Mais pourquoi se rendre à l'Ouest, me demanderez-vous ? Et bien, avec deux desseins. Le premier était de rendre visite à son cousin, qui passait le plus clair de son temps ici, et de discuter avec lui de ce dont ils avaient déjà parlé. Et puis aussi, parler de Louise. Et en second lieu, continuer son périple un peu plus au Sud, pour aller se recueillir sur la tombe de son oncle Guido, et peut-estre saluer sa tante et sa cousine, restées à Maledent, lui semblait-il.
Et enfin, elles arrivèrent. Descendant de voiture, la douce Louise, dans les bras de sa mère d'adoption, attrapa le lourd heurtoir entre ses petites mains, le souleva, et le lascha brusquement, ce qui lui fit faire un bruit du tonnerre.
- Louise ! Qu'avions-nous dit ? Pas de bruit !
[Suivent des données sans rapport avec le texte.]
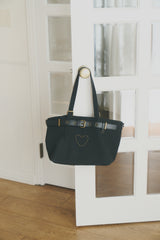 heart × belt suede shoulder bag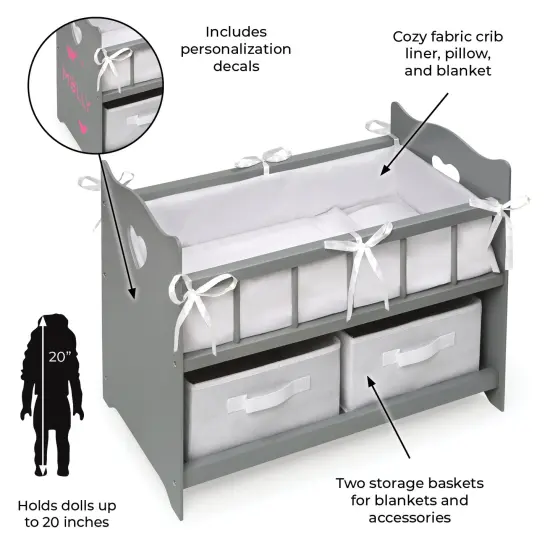 Badger Basket Doll Crib with Two Baskets and Free Personalization Kit - Executive Gray {3}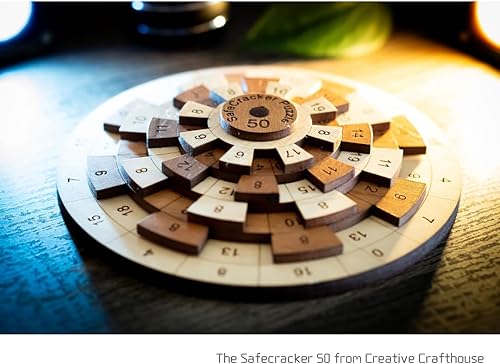 Miniatura 4 de Creative Crafthouse Safecracker 50 - Rompecabezas de matemáticas difícil para adultos, rompecabezas cerebral de madera hecho a mano, rompecabezas de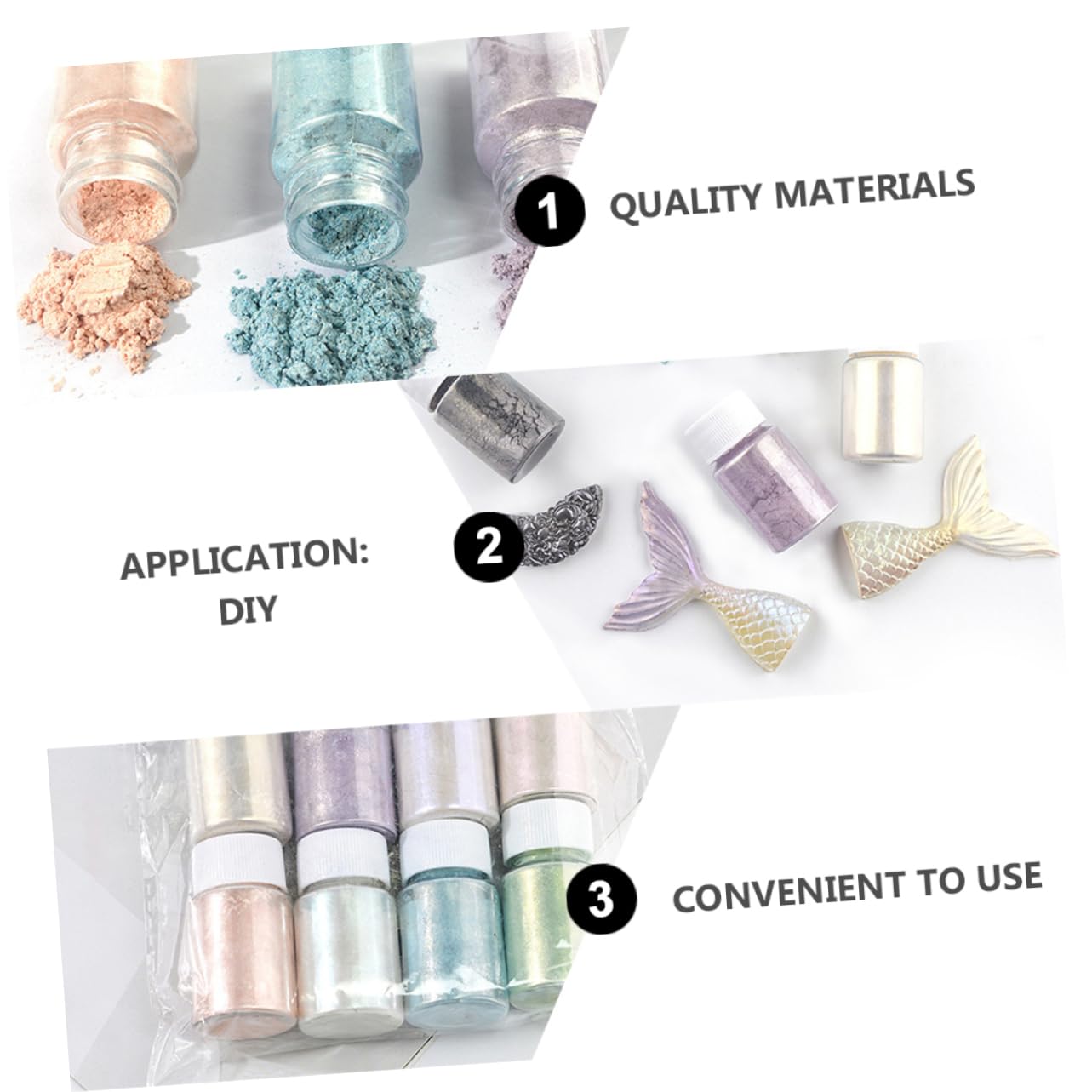 TEHAUX 18piezas Mica Para Colorantes De Pigmentos Brillantes Para Manualidades y Cosméticos Asombrosos Para Proyectos De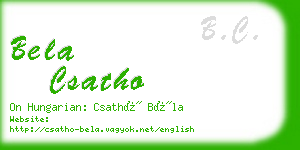 bela csatho business card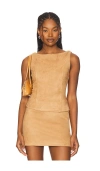 Superdown Aviva Faux Suede Top In Brown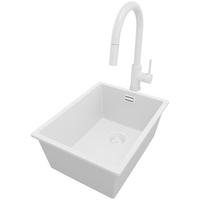 UNTERBAUSPÜLE GRANIT London, 2-er set Alles Weiß 36/47 cm 1 Becken + Küchenarmatur 40/20 cm + Ablauf-Set ab 40er Unterschrank - Weiß, Kunststoff (36/20/47cm) - Primagran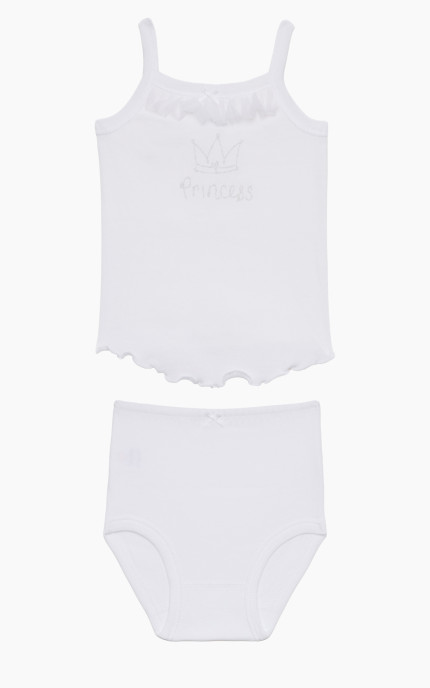 Βρεφικά εσώρουχα. Βαφτιστικό Σετ 2 Τεμαχια Princess, Βαμβακερα 100%
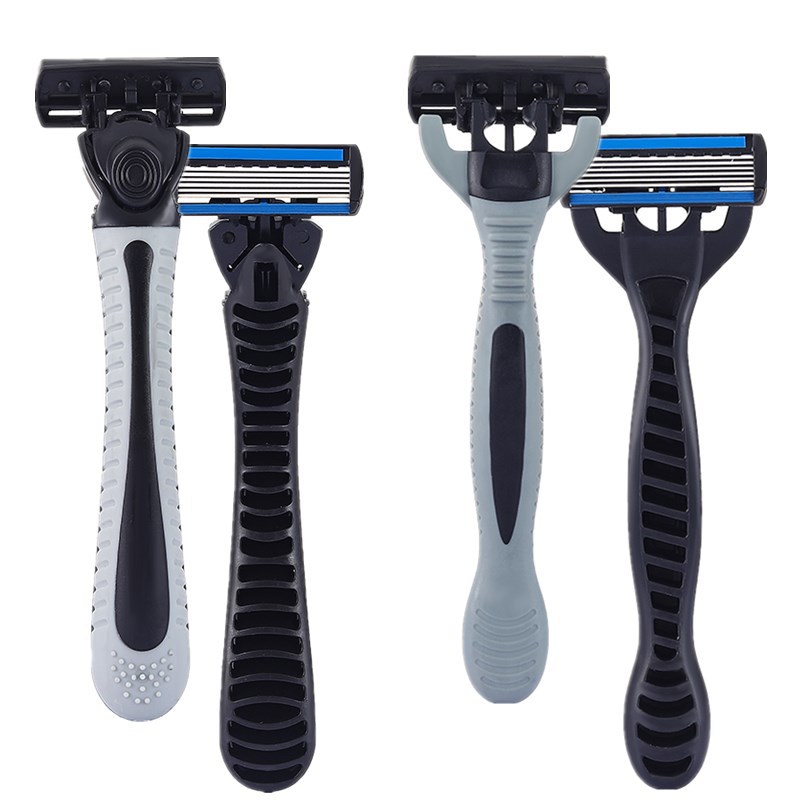 6 Lagen Scheermes (1 Scheermesje + 6 Messen Kop) Cassette Scheermes Blauw Lichaam Gezicht Ontharing Mes Vrouwen Mannen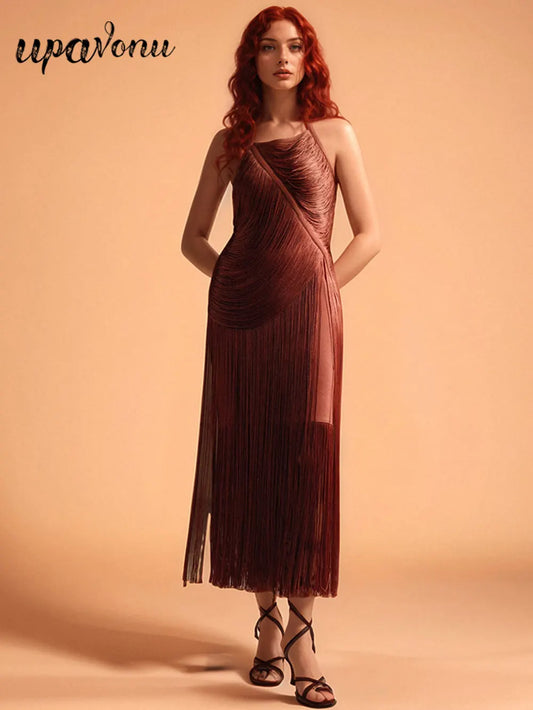 2025 Spring Sexy Women's Tassel Bandage Dress Hanging Neck Sleeveless Bodycon Backless Long Dresses Evening Club Party Vestidos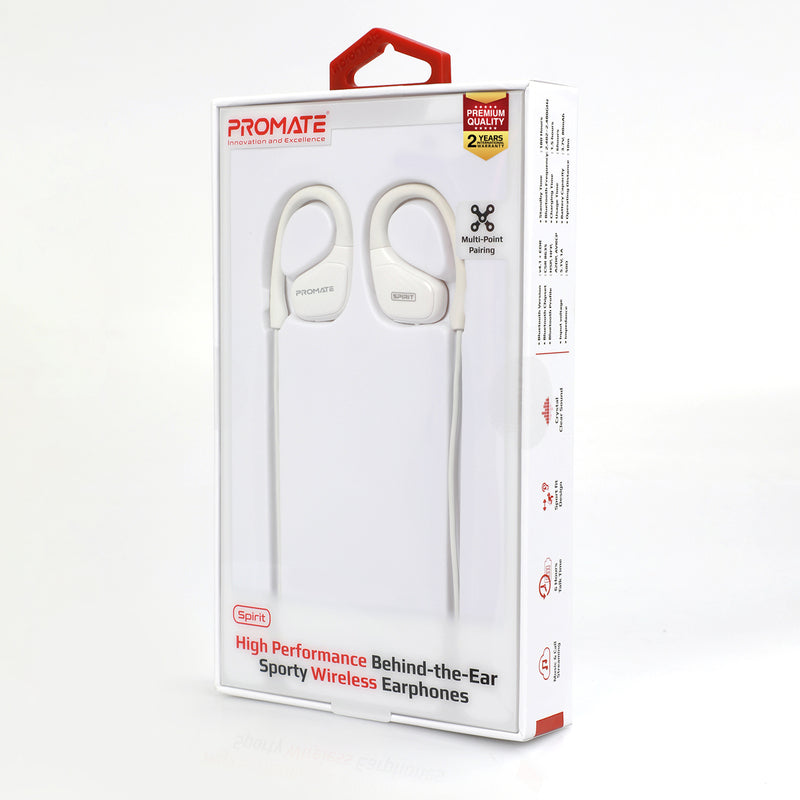PROMATE Spirit Wireless Headphones, Premium Sweatproof Bluetooth v4.1 Sport Behind-Ear Running with HD Sound Quality, Noise Cancelling and Built-in Mic, White - SPIRIT.WHITE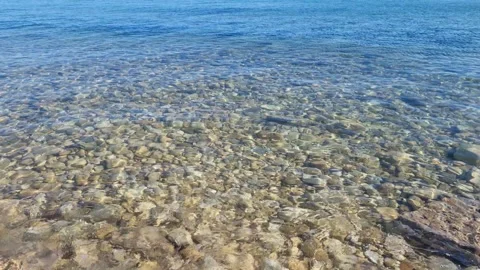 Dynamic drone view of clear blue water over rocky seabed Stock Footage 322161112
Bien marrie de s'estre faite gronder, la blonde enfant enfouit sa teste dans le cou et les cheveux d'Aélis, avant de murmurer :
- Mais Maman, je veux voir le Ristote !
Elle avait eu beau lui expliquer en long, en large et en travers que "Le Ristote", qui n'était autre qu'Aristote était mort depuis belle lurette, mais qu'il fallait le prier quand même, la petite n'en démordait pas. Elle voulait voir le Ristote, couste que couste. Enfin, en attendant, la Dame de Cerrione posa un doigt sur ses lèvres, pour lui rappeler de ne pas parler à tort et à travers, comme elle avait l'habitude de le faire, et attendit qu'on vienne lui ouvrir.